School’s out for summer — no more pencils, perhaps, but there’s soon to be a surfeit of books. An intergovernmental agreement between Pontiac Public Library and District 429 jointly announced by both Tuesday will ensure that, by next summer, any child in that district, grades one through eight, will be automatically issued a library card so that materials can be checked out over the summer when school is not in session.
    According to the joint release, “In a continued effort to provide enhanced literacy and educational opportunities for area students, the Pontiac Public Library and Pontiac District 429 have reached an agreement that will provide all students grades one through eight a library card at the beginning of the 2018-19 school year.”
    It was also noted that, if not already in possession of one, all teachers will be provided a library card to have access to classroom reading material and curriculum resources.

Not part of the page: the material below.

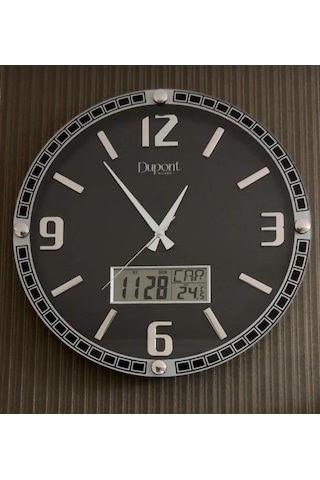 Dupont-t-710-a Dijital Termometreli Ve Takvimli Duvar Saati Silver-siyah İki Renk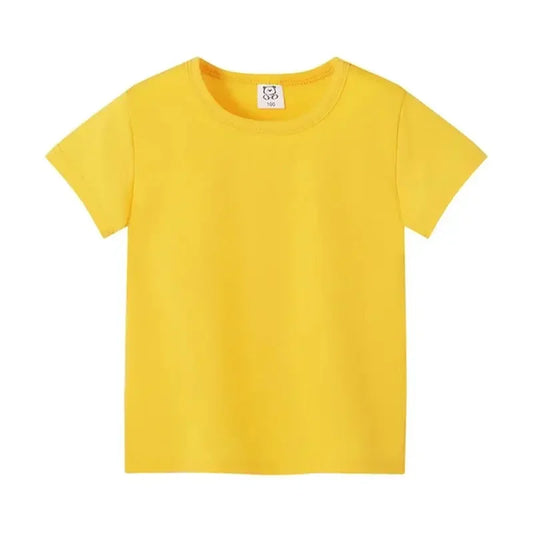 T-shirt d’été enfant unisexe en coton doux – Coupe classique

    Not only would teachers and students have access to the library’s collection, but through the library’s online resource sharing system, they would also be able to access the resources of more than 200 libraries state-wide. Weekly deliveries of requested items will be offered to each school to ensure that teachers and students are provided items in a timely manner and enhance learning opportunities within each classroom, the release noted.

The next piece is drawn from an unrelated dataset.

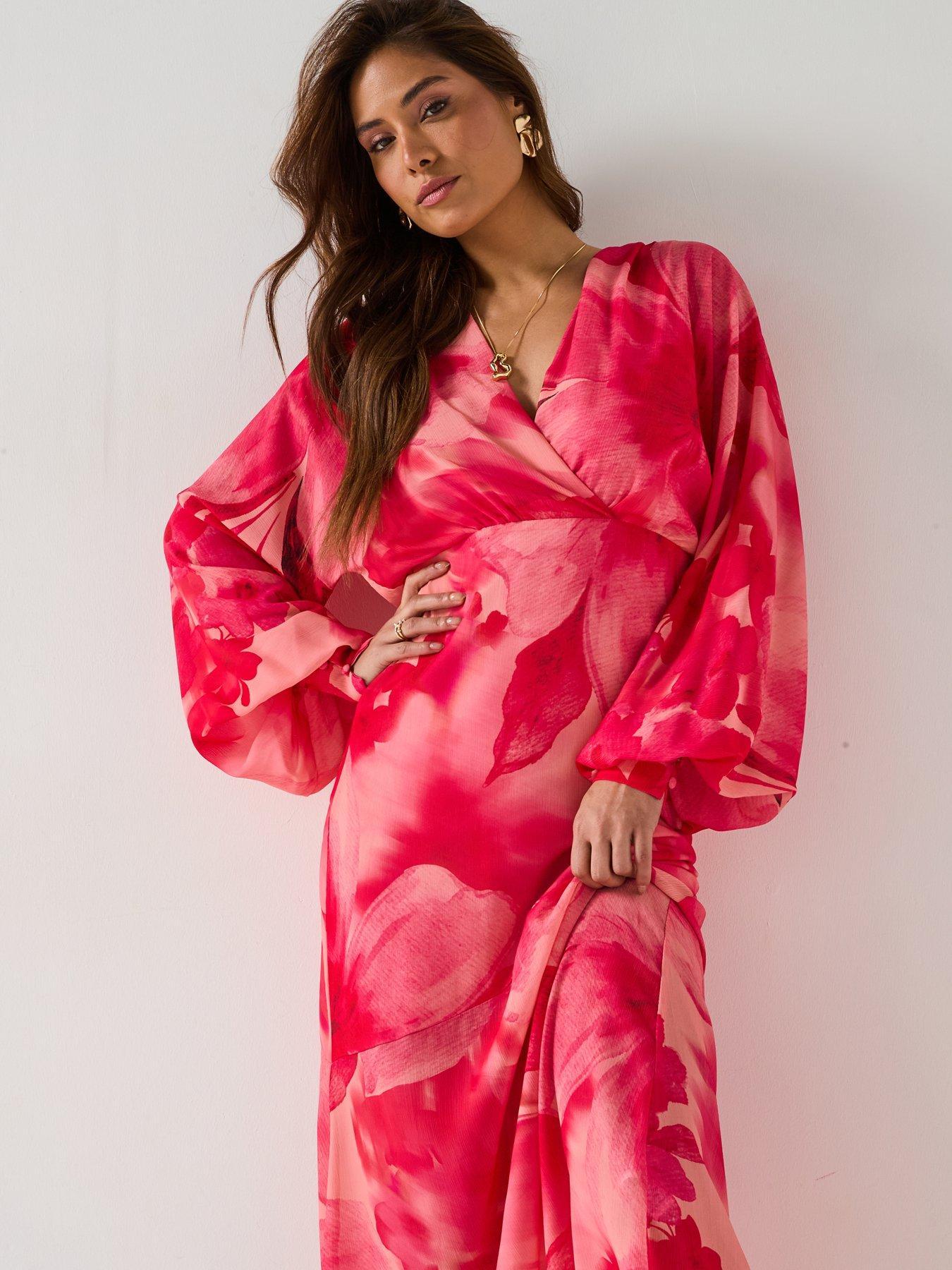 PRETTY LAVISH SUKIENKA MAXI W KWIATY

    Pontiac Public Library Director Kristin Holzhauer said that they hoped to have the new library cards via the intergovernmental agreement issued by Oct. 1. She said it was a “huge development” because of the District 429 schools’ efforts to expand their libraries and improve literacy.
    “From an educational standpoint, the teachers can boost the reading that they have available in the classroom as well as boost their curriculums, and students can easily find items of interest,” she stated. “By doing so, being able to better find items of interest, their desire to read increases.”
    It was also crucial, Holzhauer noted, to have students of all ages be able to have the opportunity for further learning in the summer months so that information obtained while school was in session was not lost between semesters.
    “Statistics show that students who engage in literacy-based activities over the summer when school is not in session do better academically throughout the year,” she said. “Having a program like our Summer Reading Program and, eventually, greater access with the library cards through the intergovernmental agreement, betters their capabilities and helps them retain knowledge.
    “We’re so excited to be able to offer this and have this opportunity to enhance what students have access to, even when school’s out.”
    District 429 Superintendent Brian Dukes told the Daily Leader that the agreement was crucial to the school’s mission to enhancing students’ access to a broader selection of books, both more grade-appropriate and of greater personal interest. He thought it key, as well, to have available the opportunity for students to continue learning over the summer.
    “We’re really hoping that having this library card is the first step getting them into the door over the summer at the library,” he said. “We want to see if we can get more kids engaged throughout the summer months with a good book.”